The star speaker of the night, however, was the Cardinal himself, who suggested that the Al Smith Dinner shows both the country and the Church at their best and spoke of how faith "affects everything we do, and dare, and dream." In keeping with the customary expectation that speakers should also act like stand-up comedians, he dutifully poked fun at his weight, suggesting he'd have looked better on the dais if Chris Christie had been the Republican nominee and would be in better shape today if Michelle Obama had been 1st Lady when he was growing up.

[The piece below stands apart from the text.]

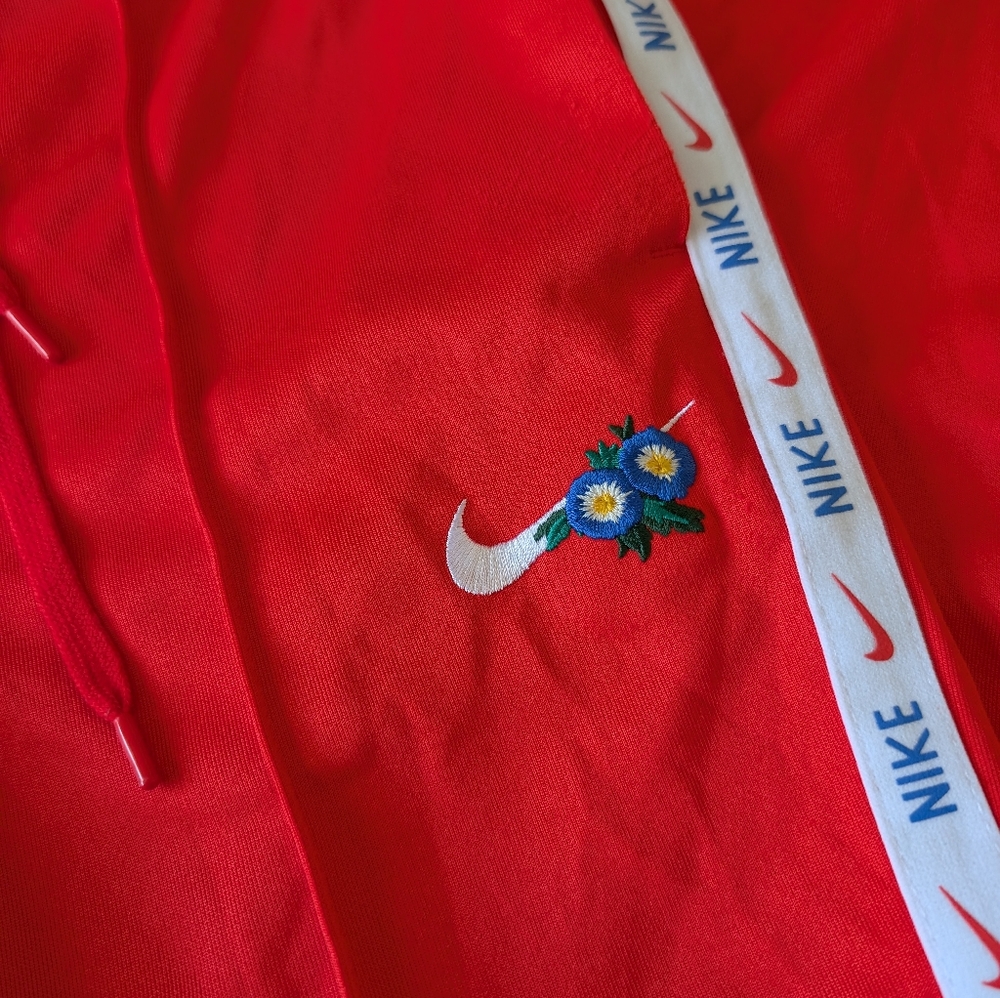 Unique Nike Women's Embroidered Feminine Athleisure Street Track Pants Red S image 3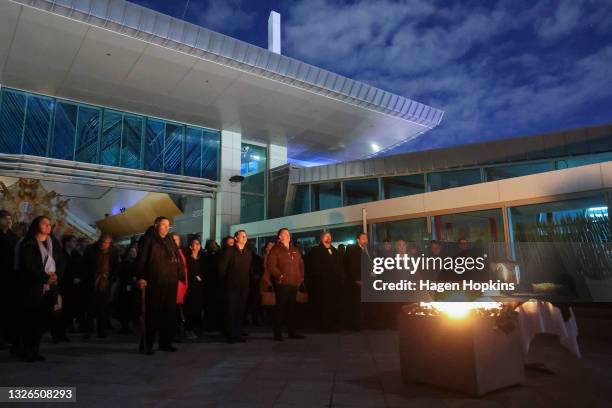 Guests look on during a dawn ceremony at Rongomaraeroa, Te Papa Museum, on July 02, 2021 in Wellington, New Zealand. Minister for Workplace Relations...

Powerfully evoking the memory of Al Smith himself, however, His Eminence identified the Church squarely in the side of those he called the "un-"s - "the unemployed, the uninsured, the unwanted, the unwed mother, the innocent fragile unborn baby in her womb, the undocumented, the unhoused,  the unhealthy, the unfed, the under-educated." Then he added "Government, Al Smith believed, should be on the side of these 'un-'s, but a government, he also believed, partnering - partnering with family, church, parish, neighborhood, organizations, and community, never intruding or opposing, since, when all is said and done, it's in God we trust, not ultimately in government or politics." 

(For video of the Cardinal's complete remarks, one can go to http://www.patheos.com/blogs/deaconsbench/2012/10/video-cardinal-dolans-speech-at-the-al-smith-dinner/).

The tradition of the two candidates appearing together at the Al Smith Dinner goes back to Kennedy and Nixon in 1960. It's a valuable tradition, which modifies the unedifying brutality of the electoral process. It also highlights, as did the Cardinal in concluding remarks, both the value of a vibrant network of religious and social institutions and community organizations and the indispensable benefit of Government.